Una storia senza fine, in qualunque parte del mondo. In questo spettacolo prendiamo spunto dal racconto di una donna in particolare, inserita in uno specifico contesto spazio-temporale. Ma è solo uno spunto per poter allargare il nostro raggio d’azione verso orizzonti più ampi e sentimenti universali quali la solitudine, la sottomissione, l’impossibilità di esprimere le proprie opinioni e le proprie idee. È un grido a favore dell’autodeterminazione della donna affinché mai più possa essere abusata e saccheggiata della propria dignità di cui l’Afghanistan, in questo momento è il principale detrattore.
Siamo reduci dall’affossamento del DDL Zan, più di un mese fa, e ora ci si straccia le vesti per la data del 25 novembre. Serve ancora una Giornata Internazionale contro la violenza sulle Donne, ogni 25 novembre, per sensibilizzare l’opinione pubblica e chiedere alle Istituzioni atti concreti, più fatti. Un suo pensiero sulla condizione della donna nel nostro Paese e nel Mondo.

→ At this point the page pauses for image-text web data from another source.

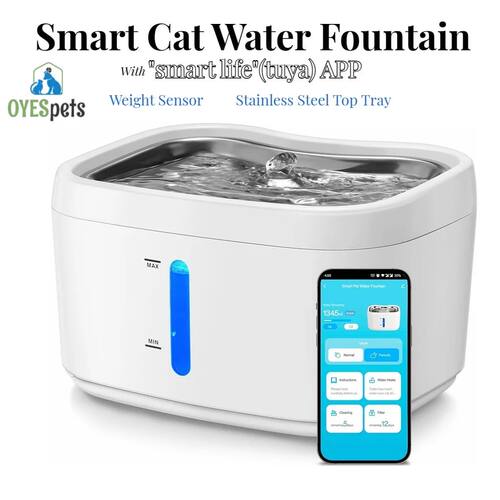 Cat Water Fountain with APP Wireless Connected 84oz/2.5L Aut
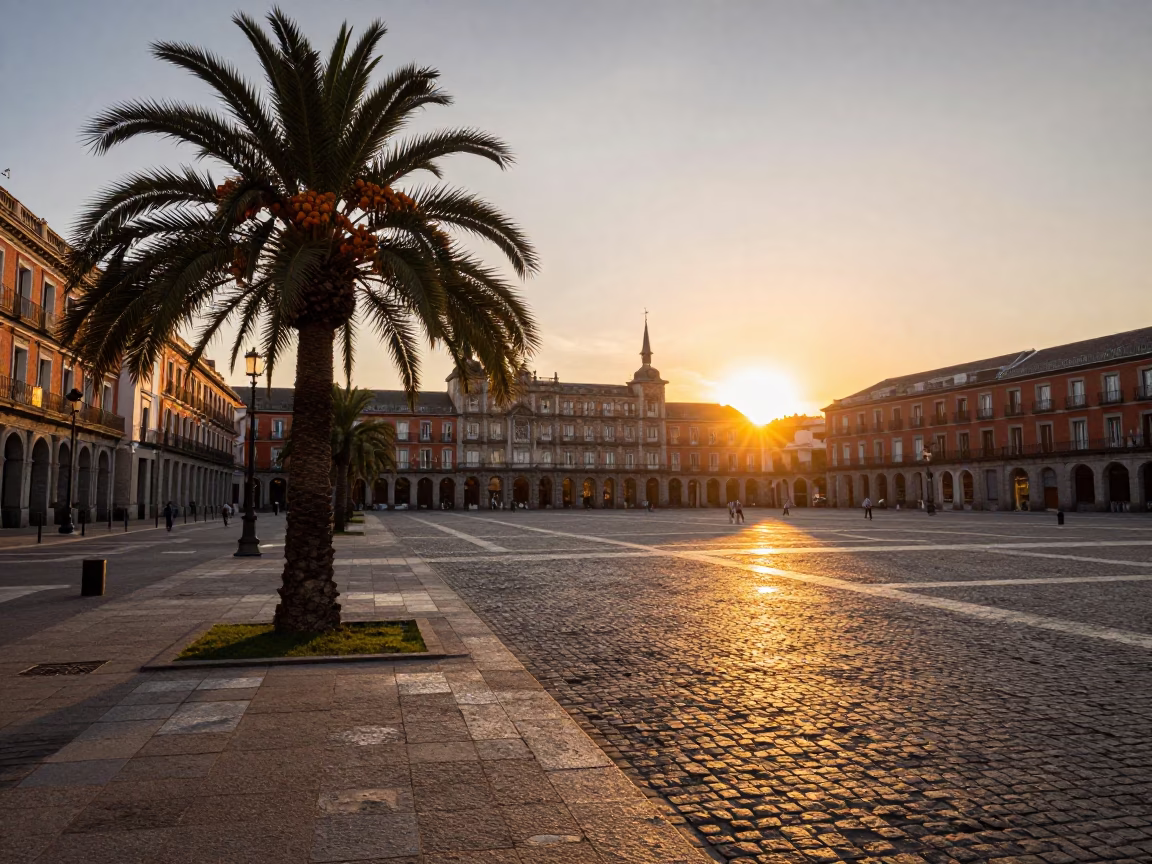 Sunset Street Scene in Madrid Spain with Date Palm and Cobblestone Reflections in in Madrid, Spain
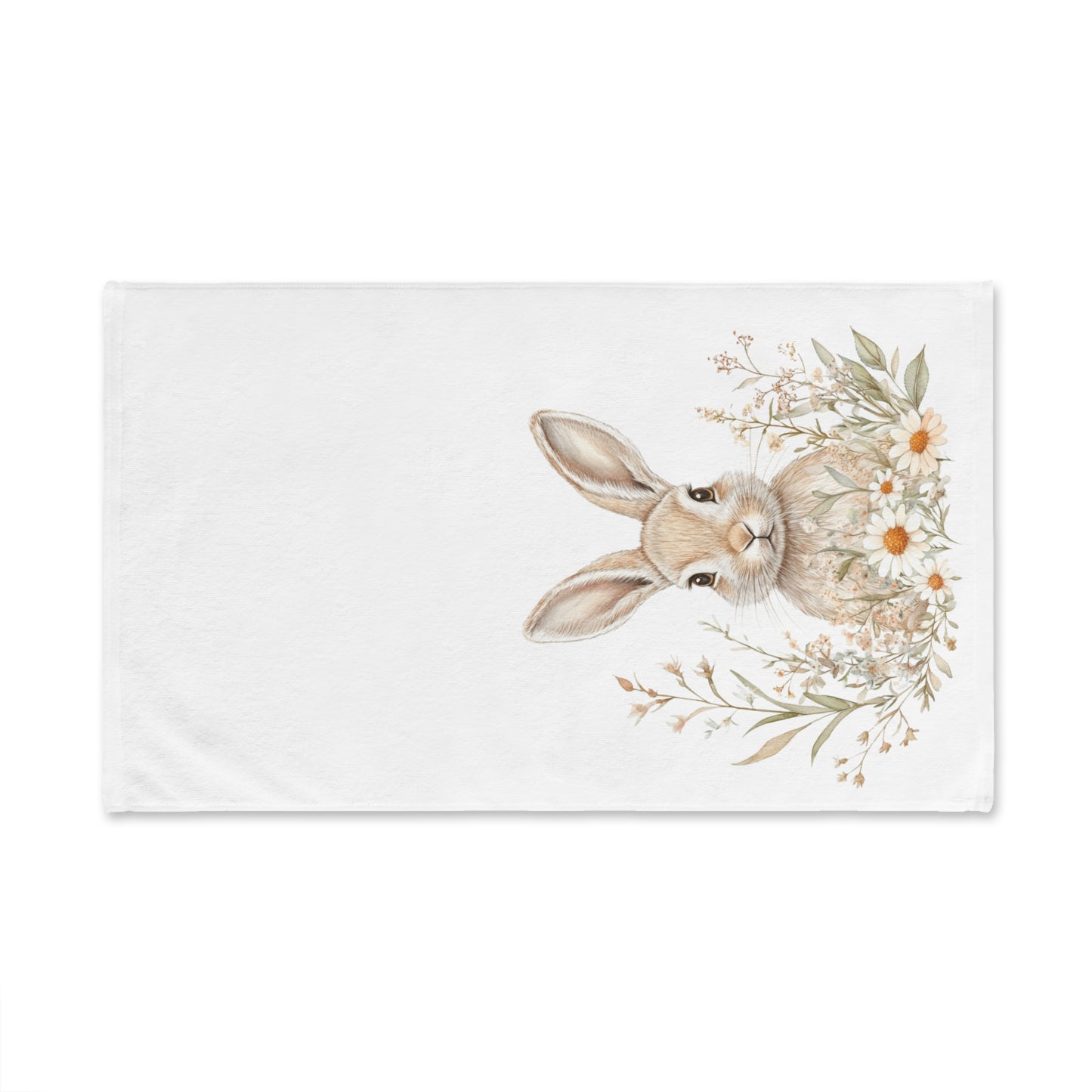 Watercolor Bunny with Daisies Hand Towel | Woodland Decor
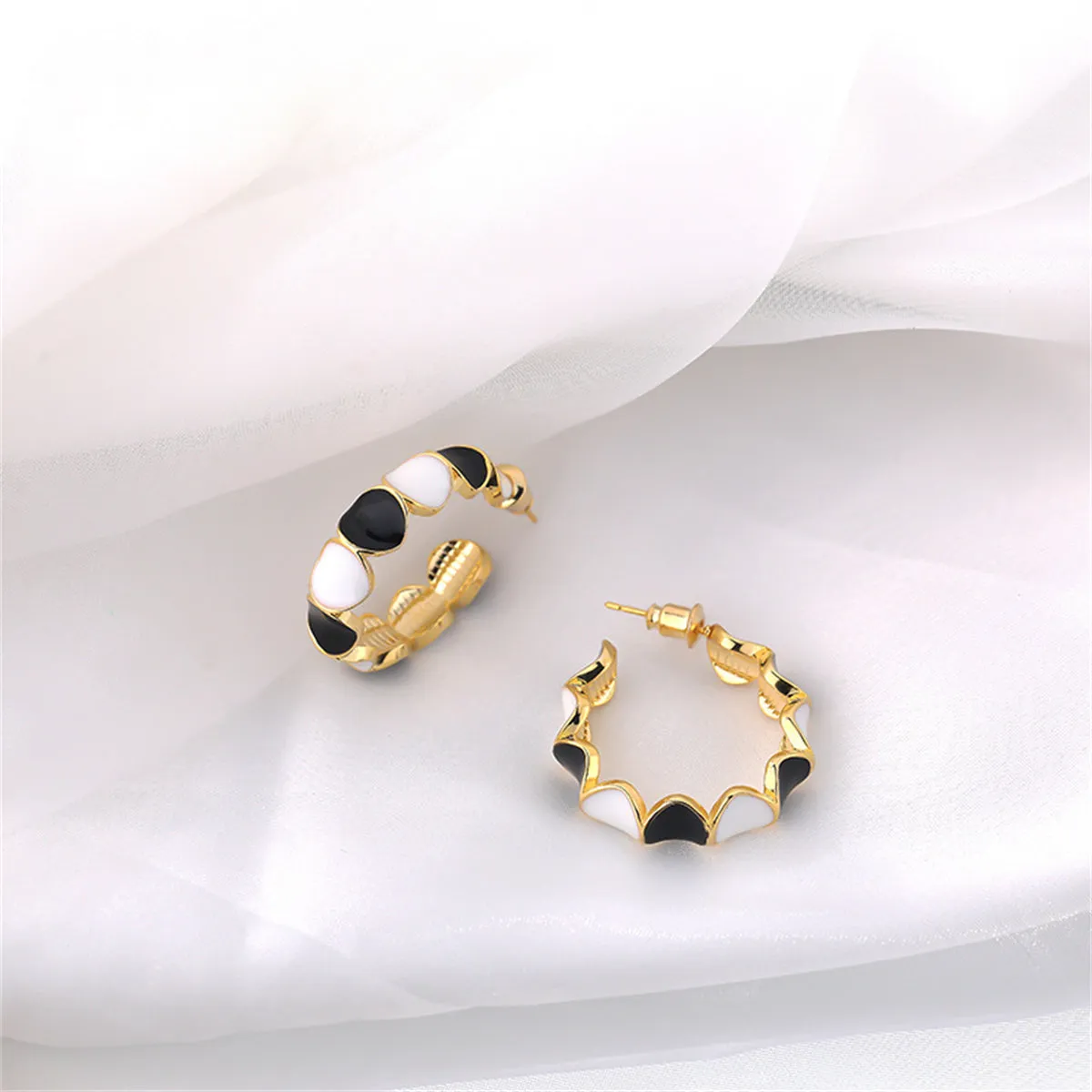 Black Enamel & 18K Gold-Plated Heart Hoop Earrings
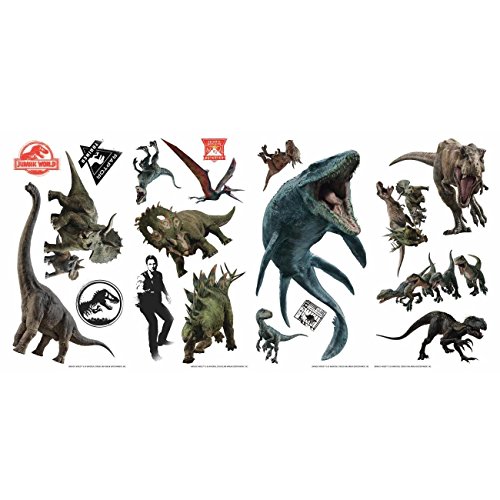 Product Cover RoomMates Jurassic World: Fallen Kingdom Peel and Stick Wall Decals, Green, Brown, Blue, Orange, Black - RMK3798SCS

Molta strada è stata fatta e moltissima ce n’è ancora da fare. I recenti fatti di cronaca ne sono un esempio costante. Non possiamo più permettere che alla donna vengano ancora negati alcuni diritti essenziali. In qualunque momento, in qualunque posto, occorre gridare con forza e denunciare qualsiasi atto di violenza fisica e psicologica nei confronti delle donne. Non solo donne, ma soprattutto gli uomini dovrebbero manifestare in maniera plateale il loro dissenso verso ogni forma di tale aberrante violenza.